В то утро великий старейшина Герланд никуда не спешил. В конце концов, лишь раз в год приходил День Жертвоприношения – и ему нравилось наблюдать за этим немым шествием к проклятому дому, за мраком, скопившемся над головами народа. Он призывал старейшин следовать ролям – народ должен был увидеть, насколько всё это опасно и ярко.
Он осторожно провёл кистью по обвислым щекам, под глазами нарисовал тёмные круги. Проверил в зеркале зубы, чтобы убедиться, что между ними не застряла зелень. Зеркало ему нравилось – единственное во всём Протекторате. А Герланд, казалось, не мог радоваться чему-либо больше, чем обладанию некоего уникального предмета. Особенность доставляла ему удовольствие.
У Великого Старейшина было много уникального – хоть какая-то привилегия от его работы.

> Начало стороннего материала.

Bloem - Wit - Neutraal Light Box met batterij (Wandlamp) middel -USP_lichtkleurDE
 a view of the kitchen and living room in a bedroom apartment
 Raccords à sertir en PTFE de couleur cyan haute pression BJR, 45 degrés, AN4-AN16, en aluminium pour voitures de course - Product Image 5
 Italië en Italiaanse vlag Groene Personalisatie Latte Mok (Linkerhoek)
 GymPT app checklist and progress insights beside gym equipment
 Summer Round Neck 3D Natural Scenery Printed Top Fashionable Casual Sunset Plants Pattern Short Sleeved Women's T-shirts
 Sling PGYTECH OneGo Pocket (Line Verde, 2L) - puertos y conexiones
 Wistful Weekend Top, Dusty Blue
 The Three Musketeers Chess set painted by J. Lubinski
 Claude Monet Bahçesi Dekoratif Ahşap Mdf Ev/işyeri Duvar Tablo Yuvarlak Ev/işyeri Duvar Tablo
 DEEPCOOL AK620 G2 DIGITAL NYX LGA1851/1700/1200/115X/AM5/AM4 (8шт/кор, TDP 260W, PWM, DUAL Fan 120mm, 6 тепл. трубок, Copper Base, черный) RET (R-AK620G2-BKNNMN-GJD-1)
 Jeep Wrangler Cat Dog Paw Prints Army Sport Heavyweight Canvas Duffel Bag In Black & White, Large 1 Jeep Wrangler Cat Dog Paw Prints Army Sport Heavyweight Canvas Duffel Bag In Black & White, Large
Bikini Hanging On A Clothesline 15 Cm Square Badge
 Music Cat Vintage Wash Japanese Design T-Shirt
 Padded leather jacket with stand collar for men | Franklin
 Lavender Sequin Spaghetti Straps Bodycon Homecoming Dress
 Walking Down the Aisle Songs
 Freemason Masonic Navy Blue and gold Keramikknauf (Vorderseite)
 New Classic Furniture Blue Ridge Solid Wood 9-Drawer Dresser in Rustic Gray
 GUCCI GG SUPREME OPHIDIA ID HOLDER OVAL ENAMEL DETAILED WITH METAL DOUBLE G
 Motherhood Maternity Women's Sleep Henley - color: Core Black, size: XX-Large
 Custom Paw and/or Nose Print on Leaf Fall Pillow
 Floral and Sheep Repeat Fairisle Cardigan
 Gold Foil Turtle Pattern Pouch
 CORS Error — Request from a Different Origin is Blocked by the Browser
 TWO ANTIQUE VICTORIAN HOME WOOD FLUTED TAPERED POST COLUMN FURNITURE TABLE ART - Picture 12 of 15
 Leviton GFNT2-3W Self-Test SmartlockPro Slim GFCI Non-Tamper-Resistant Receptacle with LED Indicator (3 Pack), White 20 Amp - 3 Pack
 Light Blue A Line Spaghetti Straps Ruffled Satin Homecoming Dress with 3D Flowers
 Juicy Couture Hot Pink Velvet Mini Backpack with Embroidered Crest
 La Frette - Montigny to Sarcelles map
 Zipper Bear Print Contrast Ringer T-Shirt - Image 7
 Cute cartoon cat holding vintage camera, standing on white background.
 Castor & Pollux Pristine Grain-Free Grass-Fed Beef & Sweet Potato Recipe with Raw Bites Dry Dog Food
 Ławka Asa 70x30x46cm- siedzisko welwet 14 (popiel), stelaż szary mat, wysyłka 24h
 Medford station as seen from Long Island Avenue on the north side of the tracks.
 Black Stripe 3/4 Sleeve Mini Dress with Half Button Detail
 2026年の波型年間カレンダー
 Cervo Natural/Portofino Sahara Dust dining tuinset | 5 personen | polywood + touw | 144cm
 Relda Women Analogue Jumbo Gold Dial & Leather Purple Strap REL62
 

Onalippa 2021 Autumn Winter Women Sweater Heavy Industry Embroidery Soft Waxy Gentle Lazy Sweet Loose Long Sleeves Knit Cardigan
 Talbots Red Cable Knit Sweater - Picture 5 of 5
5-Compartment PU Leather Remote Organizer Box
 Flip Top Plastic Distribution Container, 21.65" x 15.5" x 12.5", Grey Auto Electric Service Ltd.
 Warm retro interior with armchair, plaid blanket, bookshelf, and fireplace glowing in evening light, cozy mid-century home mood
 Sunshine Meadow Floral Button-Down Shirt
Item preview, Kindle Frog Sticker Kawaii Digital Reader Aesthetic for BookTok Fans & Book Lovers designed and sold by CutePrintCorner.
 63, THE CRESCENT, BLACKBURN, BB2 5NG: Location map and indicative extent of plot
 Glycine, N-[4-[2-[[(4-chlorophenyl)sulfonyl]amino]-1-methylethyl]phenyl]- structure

Протекторат – одни звали его Кэттейл-царством, другие – Гордом Печалей, - замер между коварным лесом и огромным болотом. У большинства людей не было за что жить. Матери рассказывали своим детям о славном будущем – не таком и хорошем, на самом деле, но это было лучше чем то, как жили они сами. Но в болоте весной было слишком много цветов Зирина – и летом, и осенью можно было отыскать их луковицы. А они обладали невообразимыми волшебными и лекарственными свойствами, а значит, их можно было собирать, готовить, как лекарство, и продавать тем, по другую сторону леса – а те переносили плоды болот в Свободные города, далеко-далеко. Ведь мало кто, кроме жителей Города Печалей, был готов войти в лес и сойти с тропы. Добираться сюда можно было только по Дороге.
Дороге, которой владели старейшины.
А это означало, что Великий Старейшина Герланд владел Дорогой – остальные значения не имели. Ведь старейшины принадлежат Богу… Как и сады, и дома, и рыночные площади, и даже те маленькие клумбы.
Вот почему семьи протектората выбирали обувь из тростника. Вот почему в трудные времена давали своим детям воду из Болота, надеясь, что бог даст им достаточно силы.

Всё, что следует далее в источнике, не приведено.